SAN MARINO, Calif. (AP) — The Nuremberg Laws, the documents that took away Jews’ rights to German citizenship and laid the groundwork for the execution of 6 million people during the Holocaust, were turned over to the National Archives on Wednesday.
The Huntington, a sprawling complex of libraries, museums and botanical gardens located in the rolling hills of this wealthy Los Angeles suburb, has had charge of the original papers since Gen. George Patton quietly deposited them there at the end of World War II.
Patton, who disobeyed orders by taking the papers out of the Germany, grew up in San Marino and was friends with the family of Henry Huntington, the California railroad baron who carved The Huntington out of the grounds of his estate.
U.S. Archivist David Ferriero said he hopes to put the papers on display in Washington, D.C., by Sept. 15, the 75th anniversary of their signing by Adolf Hitler.
The Huntington turned over two sets of the laws, each four pages long and signed. They are the only ones known to exist. One set, which appeared to be in mint condition, was displayed at a news conference where they were formally handed over.
“The National Archives is the country’s leading research library,” Huntington President Steve S. Koblik told reporters. “We were very proud to be able to hand over the documents in pristine condition.”
The papers, which among other things rescinded the citizenship of German Jews and forbid them to marry non-Jews, are the only original pieces of Nuremberg war crimes trial evidence missing from the Archives’ collection, said National Archives spokeswoman Susan Cooper.
Holocaust scholars have described them as priceless, saying they provide an outline of the beginnings of a movement that led to the Nazi genocide.
Although the laws didn’t directly call for the execution of Jews, they laid the groundwork for that, several scholars said, by marginalizing a group of people, turning them into second-class citizens.
“It’s important to our understanding of genocide that genocide is always a process,” said Stephen Smith, executive director of the University of Southern California’s Shoah Foundation Institute, which documents evidence of the Holocaust.
“That was not an order to murder the Jews, it was an order to exclude them from participation in society,” Smith said of the Nuremberg Laws. “Once you start excluding a group for whatever reason you are on the path to the ultimate exclusion.”

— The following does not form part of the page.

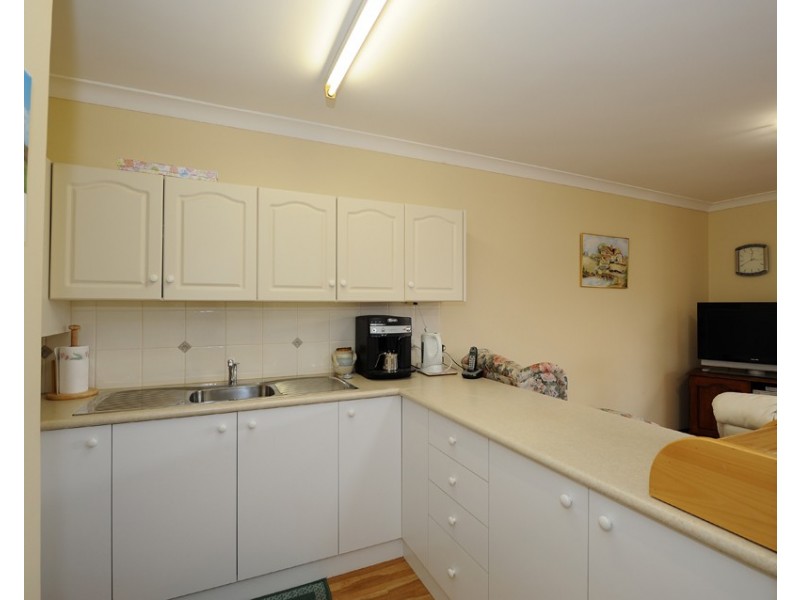 2/7 Hackett Street, Mandurah WA 6210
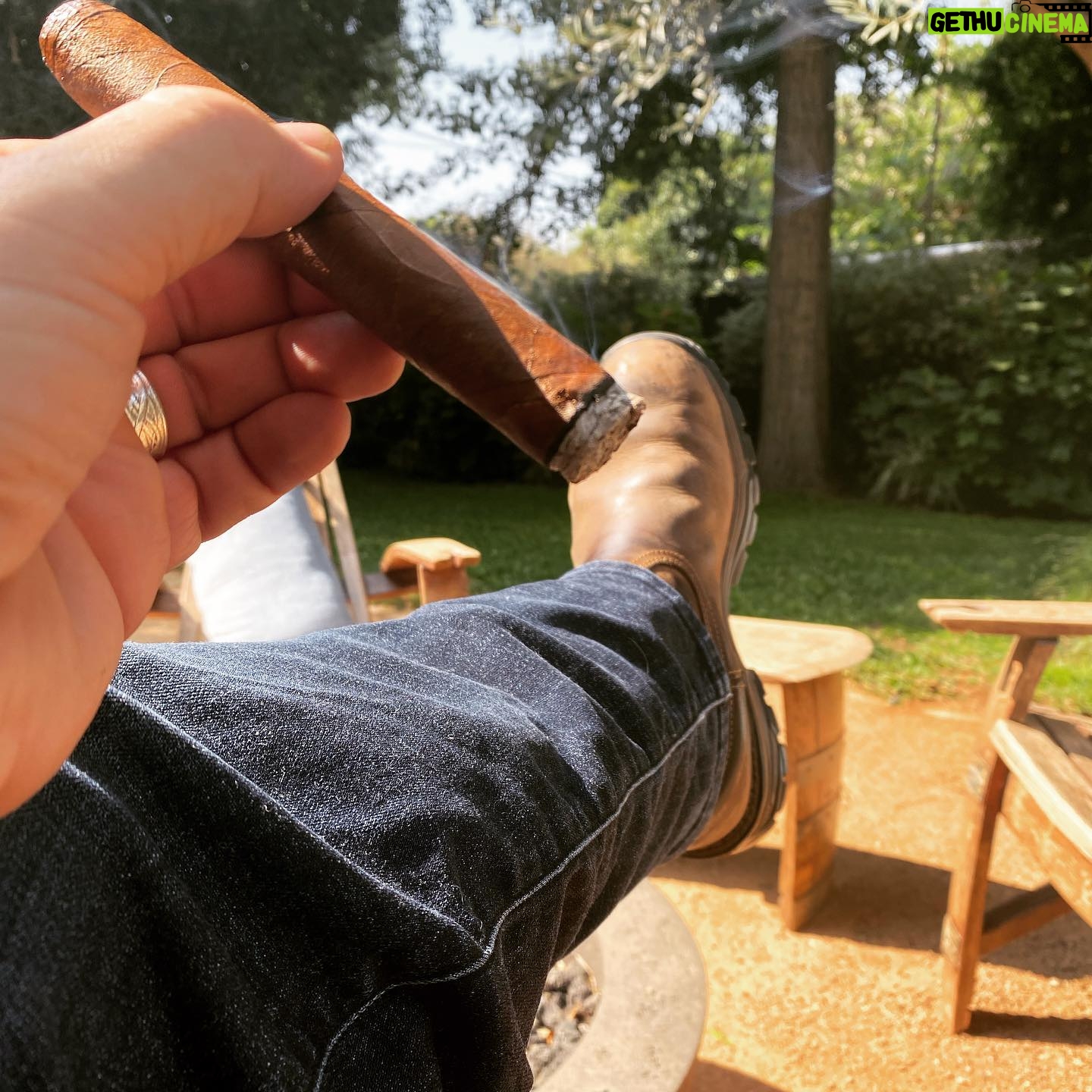 Michael Cudlitz - 14.9K Likes - ……It’s that kinda afternoon. Hope you all get to take a moment and pause. Do what you love to do…….. 🌹
#botl #sotl #Cigars #fuente #redphonebooth 👊👊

The papers were given to Patton by U.S. soldiers who found them in a German bank vault. He should have passed them on to investigators compiling evidence to be used during Nazi war crimes trials held in Nuremberg after the war, said Greg Bradsher, director of the Holocaust records section of the National Archives. Instead, prosecutors used photocopies.
“But it certainly would have been more dramatic and effective to have confronted the defendants with the originals,” Bradsher said.
Patton, a notorious war souvenir hunter, also brought back Nazi helmets and daggers and a pristine copy of Hitler’s autobiography “Mein Kaumpf.” He donated the latter to The Huntington in memory of his father, but Koblik said Patton never specified what to do with the Nuremberg Laws.
“He said when he returned he would decide,” Koblik said. Months later, in December 1945, he died of injuries suffered in a traffic accident.
The Huntington kept the papers in a bombproof vault for decades before lending them to Los Angeles’ Skirball Cultural Center in 1999. The center, whose mission is to promote Jewish culture and heritage, returned them last year, and Huntington officials decided to pass them on to the National Archives.
The Huntington, known for such treasures as its priceless Gutenberg Bible and early editions of the works of Shakespeare and Chaucer, never put the papers on display.
“For us to keep the Nuremberg Laws made little sense,” Koblik said. “We do not collect on 20th century Germany.”